From: Optimization of sentiment analysis using machine learning classifiers
Author(/s) (year of publication) | Classifiers and features used | Description | Accuracy of classification (%age) |
---|---|---|---|
Kiritchenko and Mohammad (2016) | SVM with RBF kernel, POS, sentiment score, emoticons, embedding vectors [17] | Supervised sentiment analysis system using real-valued sentiment score to analyze social networking data | 82.60 for bigrams 80.90 for trigrams |
Dashtipour et al. (2016) | SVM, MNB, maximum entropy [18] | Multilingual sentiment analysis for improving the performance of sentiment classification | 86.35 |
Tan and Zhang (2008) | Naive Bayes, SVM and k-NN [15] | A text classification system for sentiment detection of Chinese documents | 82 |
Mohammad et al. (2015) | Automatic SVM elongated words, emoticons, negation feature, position feature. [16] | Automatic emotion detection system for 2012 US presidential election tweets | 56.84 |
Sobhani et al. (2016) | Linear kernel SVM, n-grams and word embeddings [19] | Stance and sentiment detection system | 70.3 |
Poria et al. (2014) | Maximum entropy, naive Bayes and SVM, ELM [20] | Concept level sentiment analysis for movie review dataset | 67.35 for ELM and 65.67 for SVM |
Socher (2016) | SVM, Naive Bayes [21] | Deep learning for sentiment analysis | 85.4 |
Turney and Mohammad (2014) | Lexicon based entailment, SVM [22] | Proposed three algorithms namely balAPinc, ConVecs and SimDiffs.
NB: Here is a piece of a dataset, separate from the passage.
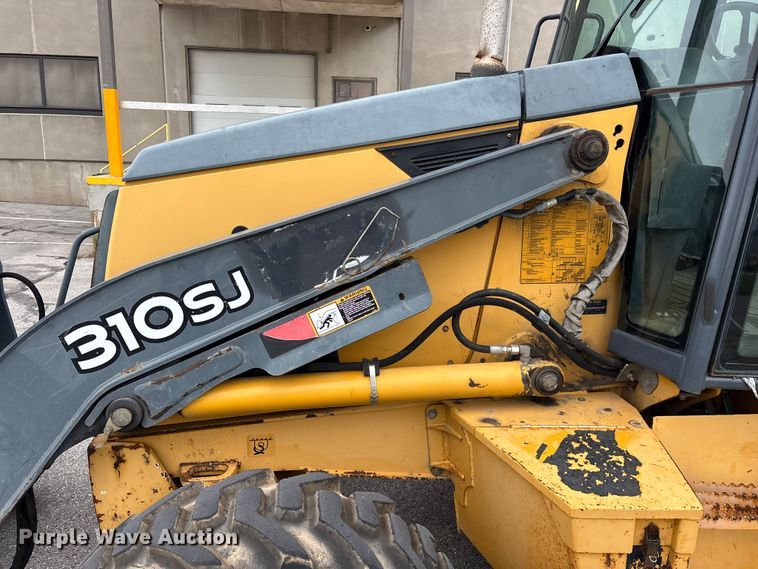 image for item FG0566 2007 John Deere 310SJ backhoe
Tested on three different datasets i.e. KDSZ dataset created by Kotlerman et al. (2010), BBDS dataset introduced by Baroni et al. (2012) and JMTH dataset created by Jurgens et al. (2012) in SemEval-2012 Task2 | 68.70 for balAPinc 70.20 for ConVecs 74.50 for SimDiffs |
Mohammad et al. (SemEval-2016) task 6 | SVM, unigrams, n-grams, hashtags, combined features [23] | Automatic stance detection system from tweets. Where team MITRE has achieved highest level in accuracy | Favg = 67.82 |
Cernian et al. (2015) | POS, SentiWordNet, Sentiment Score and Synset [7] | Proposed framework for sentiment analysis is tested on 300 product reviews from Amazon | 61 |
Kiritchenko et al. (SemEval-2016) task 7 | Supervised learning, random forest, PMI, Gaussian regression, NRC emoticons, SentiWordNet [6] | Automatic sentiment score determination model for general English, English Twitter corpus and Arabic Twitter corpus | Kendall’s rank coeff. (K) K = 0.704 for Gen. English 0.523 for English Twitter, and 0.536 for Arabic Twitter |
Pang et al. (2002) | Naïve Bayes, SVM, maximum entropy classifiers with unigrams, bigrams, POS, adjectives and word frequency features [3] | Performed feature based analysis on movie reviews using three machine learning classifiers for sentiment classification | 78.7 for NB, 77.7 for ME and 82.9 for SVM |
Nogueira dos Santos and Gatti (2014) | Convolution neural network using word-level and character-level embedding vectors [5] | Proposed convolution neural network for classification of short text messages from Twitter using character level word embeddings | 85.7 for binary classification, 48.3 for fine grained classification and 86.4 for STS corpus |
Poria et al. (2015) | Ensemble classifier using POS, Sentic, negation, modification and common sense knowledge features [4] | The proposed algorithm captures contextual polarity and flow of concepts from text for dynamic sentiment analysis | 88.12 for movie review dataset, 88.27 for Blitzer derived dataset and 82.75 for Amazon corpus |
Poria et al. (2016) | SVM and Naïve Bayes, CNN used for extracting video, audio and textual features (word embeddings and POS) [24] | Convolutional multiple kernel learning for enhancing the performance of sentiment analysis and emotion recognition | 96.12 for proposed model without feature selection and 96.55 with feature selection |
Wang et al. (2016) | Back propagation and stochastic gradient descent used to learn model parameters along with features such as n-gram and word vector for Valence–Arousal prediction [25] | Proposed regional convolutional neural network and long short term memory model for fine grained sentiment analysis | Pearson correlation coefficient r = 0.778 between CNN-LSTM and LSTM, for English text and r = 0.781 for Chinese text |